We need more focus on successfully augmenting humans with AI
thirsty AI and why we should all learn more about the Luddites
About a month ago, I read this excellent preprint from Tim Miller and it’s been swooping around in the back of my head ever since. If you’ve been reading this newsletter for a while, you’ll have heard me muse before on the challenges of building systems where the humans and AI actually assist each other, rather than what too often happens where they end up co-exisiting in an uneasy and potentially not beneficial truce / standoff.
Tim has clearly been thinking about this too.
In early decision support systems, we assumed that we could give people recommendations and that they would consider them, and then follow them when required. However, research found that people often ignore recommendations because they do not trust them; or perhaps even worse, people follow them blindly, even when the recommendations are wrong.
In the preprint, he speaks about having a friend (‘Bluster’) you can go to for advice, one who has shown excellent judgement in the past, who will always give you one answer and always with the same level of brash confidence that it is correct. Alternatively, you can consult another friend (‘Prudence’), with similarly excellent past judgement, who doesn’t provide answers but rather provides feedback, evidence for and against, any solution you are considering. Sort of oracle vs counsellor.
The paper is well worth the read, but beyond the proposed research avenues and specific instance and ideas of an alternative approach to how to design decision support, the message that stands out for me, often overlooked in both research and commercial systems build today, is that we need to be far more thoughtful about the functioning of the complete human + AI system if we’re going to consistently get tangible and sustainable value from augmentation.
Why you should stop using Luddite as an insult and take a closer look
I’ve listened to the design podcast 99% Invisible for many years (highly recommend both the podcast and the archive if it’s new to you) and I’m frequently impressed by the way the show manages to find an angle on hot and trending topics that is both fresh and relevant.

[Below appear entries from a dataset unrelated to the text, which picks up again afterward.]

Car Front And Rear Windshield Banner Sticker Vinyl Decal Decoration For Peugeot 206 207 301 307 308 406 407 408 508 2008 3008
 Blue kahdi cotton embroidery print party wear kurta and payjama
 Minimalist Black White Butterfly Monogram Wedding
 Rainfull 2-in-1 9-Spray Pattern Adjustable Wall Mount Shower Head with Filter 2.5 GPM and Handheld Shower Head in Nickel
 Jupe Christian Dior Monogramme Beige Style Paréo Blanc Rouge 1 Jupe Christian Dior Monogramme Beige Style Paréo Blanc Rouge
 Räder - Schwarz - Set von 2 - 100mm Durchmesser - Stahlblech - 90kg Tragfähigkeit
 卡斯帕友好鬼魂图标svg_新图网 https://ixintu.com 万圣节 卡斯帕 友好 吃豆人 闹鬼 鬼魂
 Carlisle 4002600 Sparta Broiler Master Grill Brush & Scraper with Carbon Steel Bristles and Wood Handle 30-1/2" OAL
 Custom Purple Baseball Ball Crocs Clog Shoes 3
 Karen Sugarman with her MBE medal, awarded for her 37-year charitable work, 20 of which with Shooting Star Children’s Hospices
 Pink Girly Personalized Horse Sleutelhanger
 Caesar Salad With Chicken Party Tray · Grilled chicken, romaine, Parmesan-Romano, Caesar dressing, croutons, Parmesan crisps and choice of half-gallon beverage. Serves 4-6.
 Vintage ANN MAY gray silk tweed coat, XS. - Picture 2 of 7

This is definitely true of Episode 552, Blood in The Machine, where the show host Roman Mars is in conversation with Brian Merchant, author of a new book which explores “how English textile workers in the 19th century rose up against the growing trend of automation and the machines that were threatening their livelihoods”. Ooo, intriguing and rather too relevant for comfort. Queue this one up for your next piece of quiet time.
Prior to listening to the episode, I definitely fell into the camp of ‘folk who know little about the Luddites but generally see them as people who rejected technology and wanted to cling to the old ways’.
Brian’s most disturbing and intriguing takeaway? That’s exactly how the industrial overlords of the day, those who stood to benefit the most from the industrialisation of textiles, wanted the general public to think about the Luddites. They not only effectively obliterated the movement, they hijacked its legacy in our collective consciousness. A lot of uneasy parallels with the lack of transparency and corporate story telling we’re see around generative AI and it’s regulation today. I’ve got the book on preorder!
Agriculture is a big and often overlooked user of water, soon AI might be too
Finally, just in case you missed it, large language models are thirsty little things. Microsoft reported a 34% spike in water consumption from 2021 to 2022, which folks outside the company at least, are tying to training generative AI models.
“It’s fair to say the majority of the growth is due to AI,” including “its heavy investment in generative AI and partnership with OpenAI,” said Shaolei Ren, a researcher at the University of California, Riverside who has been trying to calculate the environmental impact of generative AI products such as ChatGPT.
The University of California, Riverside team led by Shaolei Ren, actually have a couple of papers about this work on arXiv, the one that is currently being widely cited about the water footprint of Gen AI and another more recent paper that works on ideas about equity-aware geographical load balancing, highlighting the challenge that it’s all too easy to push the environmental impacts of Generative AI to parts of the world least able to cope with them (shades of how AI labellers now tend to be nameless, faceless folk with little political clout).
I also enjoyed this April 2023 Q&A with the research team which touches on the embodied vs operational water footprint and why following the sun for cheap power and hence low carbon footprint might actually push up the water footprint.
A lot of food for thought of the unintended and often deliberately obfuscated consequences of augmenting ourselves with ever more ‘helpful’ mental labour saving devices.